Bitter cold remains in place as the sun comes up over Stephens County, but forecasters say that some relief is on the way slowly.
Temperatures in downtown Toccoa this morning are in the single digits and wind chills have been down near zero.
National Weather Service Meteorologist Scott Krentz said that as the sun rises today, the winds that caused such problems yesterday and overnight will begin to back off.
“After daybreak, the winds are going to actually lessen up,” said Krentz. “The winds in the afternoon are probably only going to be about five miles an hour.”
Krentz said that the coldest weather is likely out of the way, with normal temperatures returning slowly over the rest of the week.
“The high pressure is going to take a little while to shift off to the east and allow a more southerly flow into the area,” said Krentz. “By Thursday, we will be approaching more normal temperatures.”
Meanwhile, as for where this deep freeze ranks in terms of the region’s history, Krentz said that it has been a while since northeast Georgia and upstate South Carolina saw temperatures as cold as overnight.
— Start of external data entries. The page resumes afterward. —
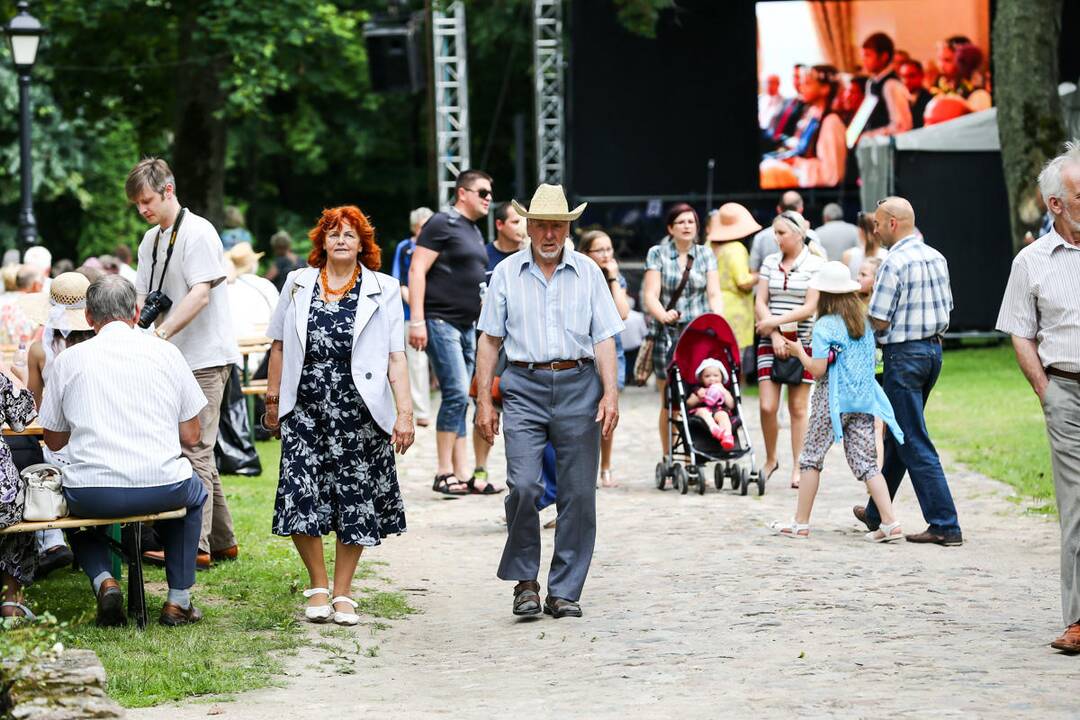 Valstybės gimtadienio šventė Raudondvaryje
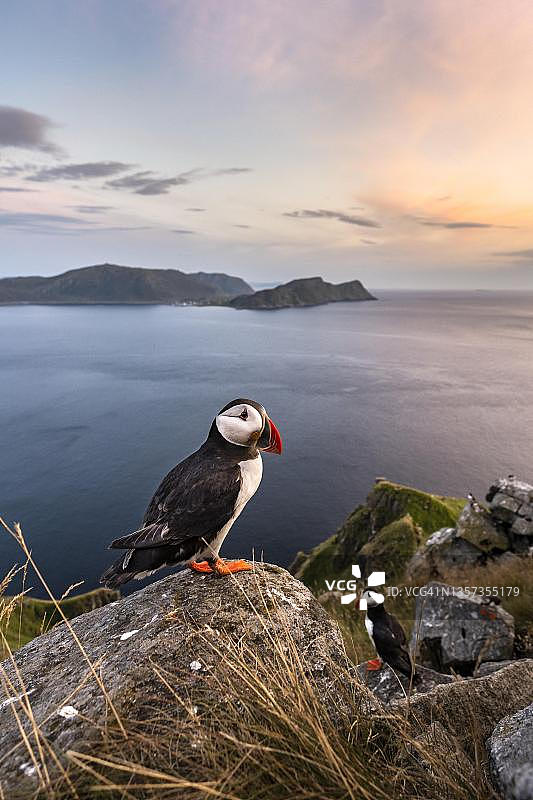 海雀(北极异卵海雀)站在岩石上，伦德岛，挪威图片素材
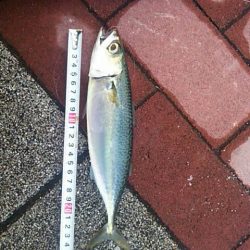 まさかの・・・　～豊洲ぐるり公園～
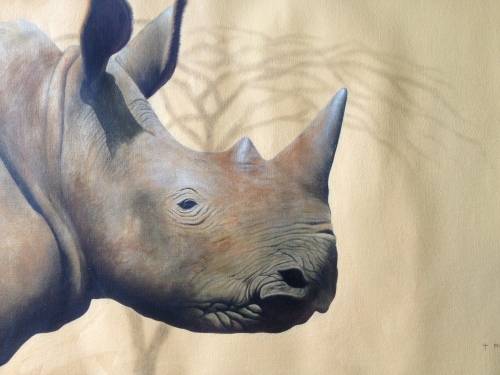 Rhinoceros by Matthew Gerard Alexander (2007)
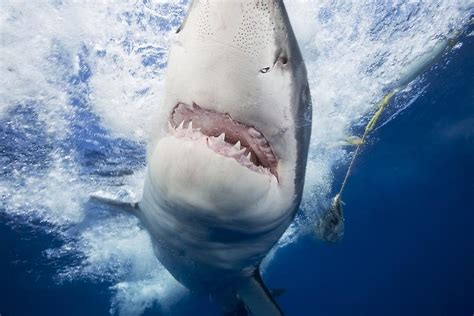 Great White Shark Carcharodon Carcharias Attracted To The Cage With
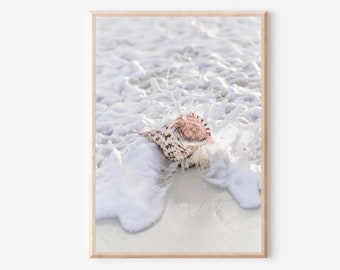Sea Shell Art Print, Beach Print, Ocean Poster Landscape, Seashell Poster, Coastal Wall Art, Neutral Beach Print, Beach House Art Decor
“For the whole region, the last time we really saw single digits for low temperatures was 1996, so it has been a while,” said Krentz.
Local churches and other organizations are doing their part to help those who need a place to get in out of the cold.
The Pointe Church in Toccoa opened its fellowship hall last night and announced it would do so for the next couple of nights if and as needed to help the homeless who need a place to get in out of the cold.
The church says transportation and hot soup would also be provided.
Those participating in the initiative at the Pointe also include Community Outreach Church, Faith Memorial, Ebenezer Baptist Church, The Salvation Army, Toccoa Soup Kitchen, Community Prevention Network, Esther’s Closet, and the Stephens County Sheriff’s Office.